There have been many studies confirming the positive impact art can have on our physical and mental well-being. However, it’s vital to continue having conversations about the impact of art throughout the world with today’s youth.

With that in mind, Park West Gallery Director Morris Shapiro was recently invited to speak about the history of art to a prestigious group of Kathryn W. Davis Global Community Scholars at the State University of New York (SUNY)’s Westchester campus.

Park West Gallery Director Morris Shapiro poses with SUNY's Kathryn W. Davis Global Community Scholars

Park West Gallery Director Morris Shapiro poses with SUNY’s Kathryn W. Davis Global Community Scholars.

His topic—why art matters now more than ever.

The Davis scholarship program is reserved for “outstanding students from diverse backgrounds for education, international understanding, exchange, and service.”

“These students earned scholarships to come to New York and study from all over the world. They’re a select and amazing group,” says Shapiro. “My main message to them was, as ambassadors of your generation, it’s your responsibility now to understand the importance of art in human history, become stewards of the humanities, and preserve art, so it will move on to the generations that follow you.”

Shapiro’s presentation included a lecture on the history of art, from prehistoric to contemporary times, and a hands-on look at a 500-year-old engraving by master artist Albrecht Dürer.

"The Penance of St. John Chrysostom" (c. 1497), an example of the kind of engraving by Albrecht Dürer that Morris Shapiro shared with the SUNY's Davis Scholars.

“The Penance of St. John Chrysostom” (c. 1497), an example of the kind of engraving by Albrecht Dürer that Morris Shapiro shared with the SUNY’s Davis Scholars.

SUNY’s Davis Scholars were an ideal audience for Shapiro’s presentation. The group was made up of students who are seeking to complete “innovative, grassroots projects that contribute to building peaceful initiatives and shaping a better world.”

The program and scholarship are named after Kathryn Wasserman Davis, the beloved activist and philanthropist, who started her “100 Projects for Peace” program in 2007, targeted at increasing global understanding and promoting peace.

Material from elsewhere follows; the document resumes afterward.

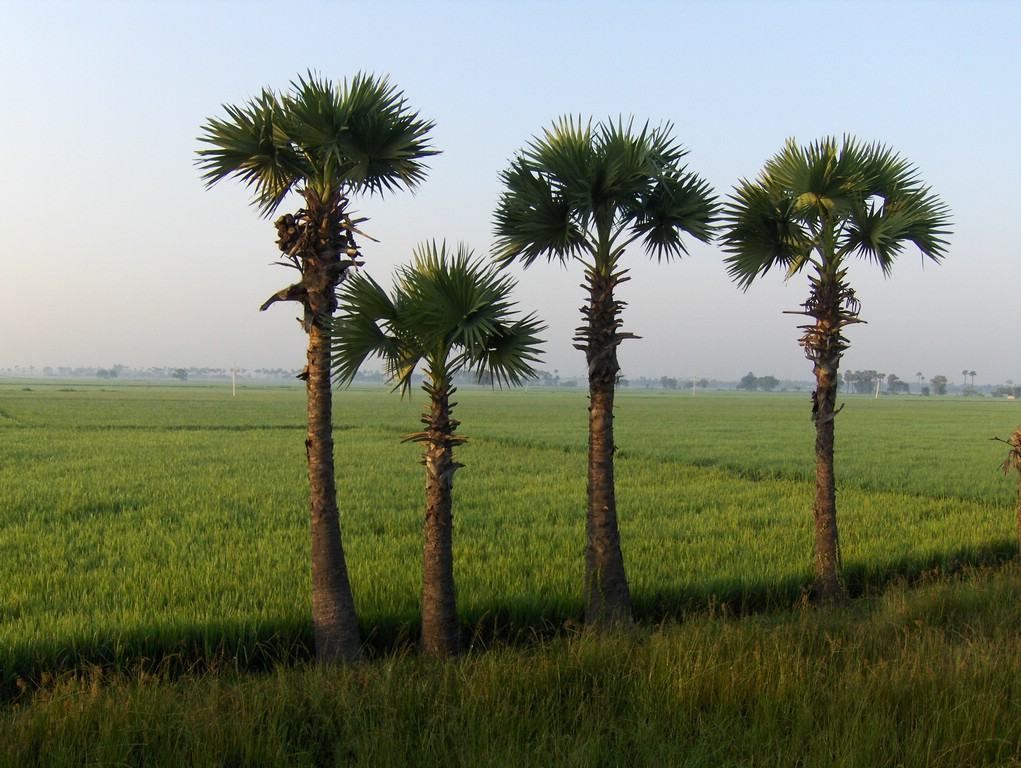 HPIM0398.JPG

The campus of State University of New York (SUNY), Westchester Community College

The campus of State University of New York (SUNY), Westchester Community College

Dr. Lori Maida, SUNY Professor of Sociology, arranged Shapiro’s visit. She says those in attendance gained a better understanding the important role art plays in “our individual lives, our communities, in our society, and in our increasingly connected world.”

“It was a pleasure having Mr. Shapiro present to the students of the Kathryn W. Davis Global Community Scholars Program,” says Maida. “We all enjoyed his insightful and engaging talk on the history of art and the responsibility that each of us has to honor and preserve the legacy of great art throughout the world.”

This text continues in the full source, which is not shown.